:: TASK DETAILS ::
Beginning with the line that has "musta Volvo V90 2018 kuva 23.", write out each line down to the end of the records below exactly, and include no pictures.
═══ SUPPLIED RECORDS
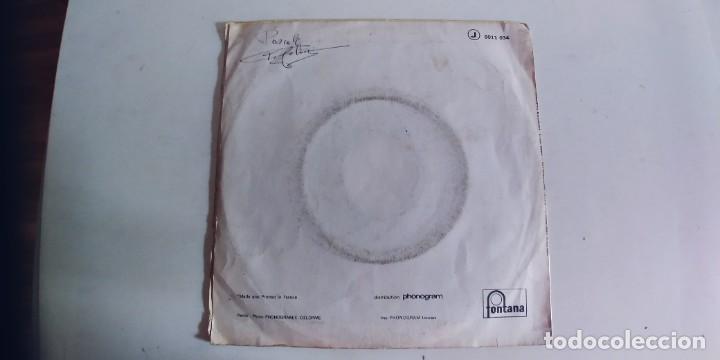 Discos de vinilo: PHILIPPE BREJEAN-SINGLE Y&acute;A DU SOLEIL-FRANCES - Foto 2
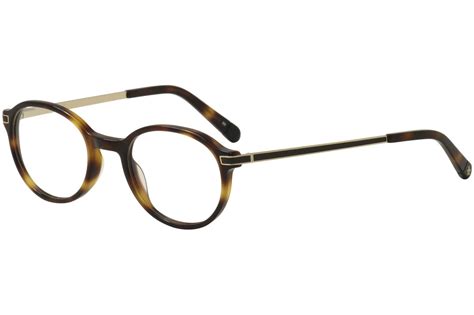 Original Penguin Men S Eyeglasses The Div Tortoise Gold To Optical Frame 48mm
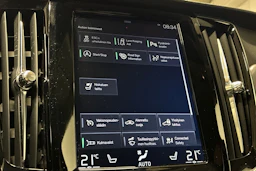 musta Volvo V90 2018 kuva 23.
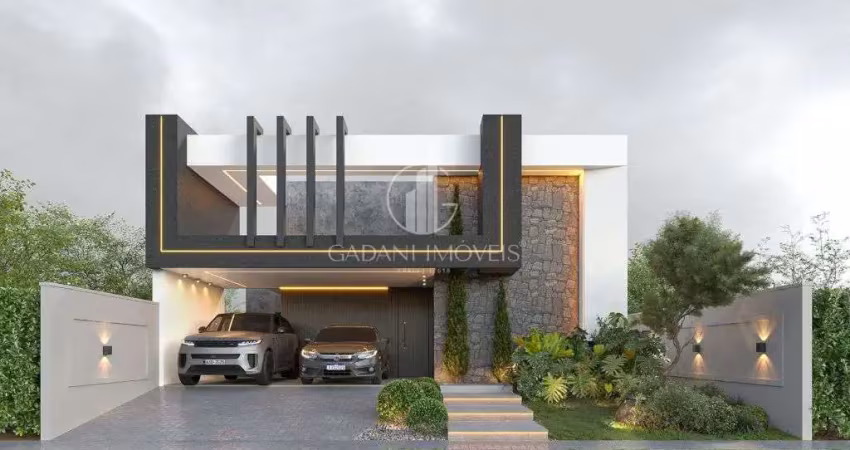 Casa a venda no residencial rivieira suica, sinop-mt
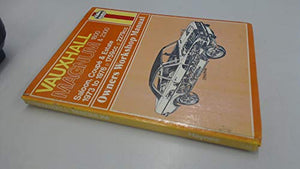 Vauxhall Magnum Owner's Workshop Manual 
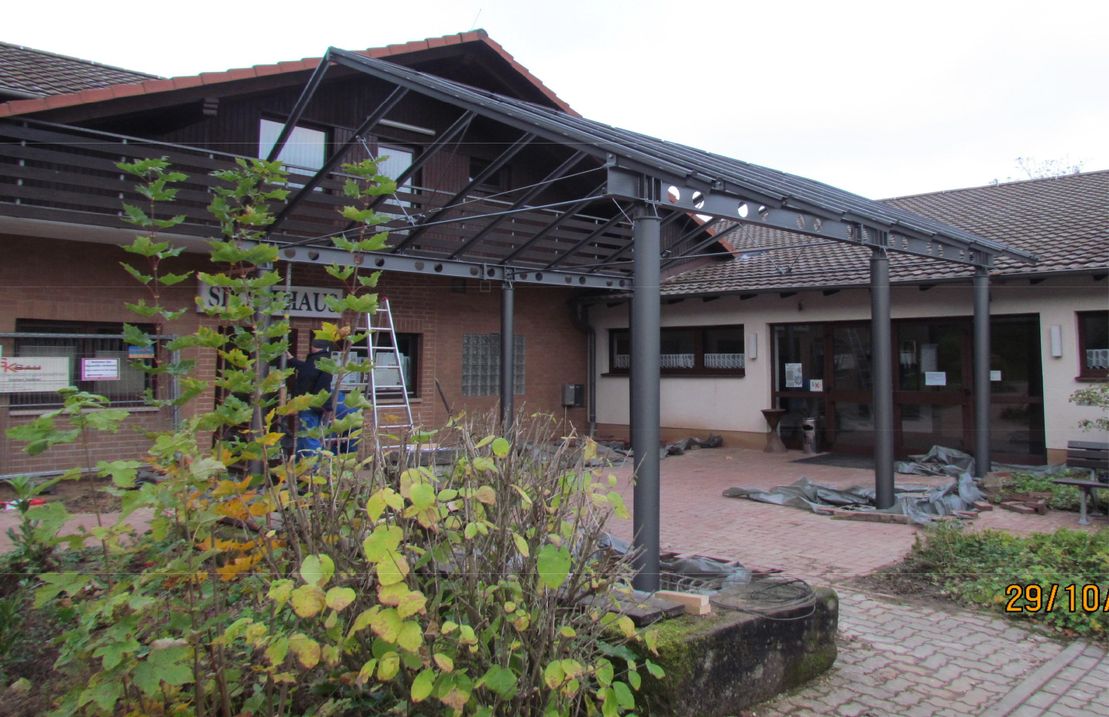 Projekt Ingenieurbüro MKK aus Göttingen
══════
:: SOLUTION TO THIS EXERCISE ::
 musta Volvo V90 2018 kuva 23.
 Casa a venda no residencial rivieira suica, sinop-mt
 Vauxhall Magnum Owner's Workshop Manual 
 Projekt Ingenieurbüro MKK aus Göttingen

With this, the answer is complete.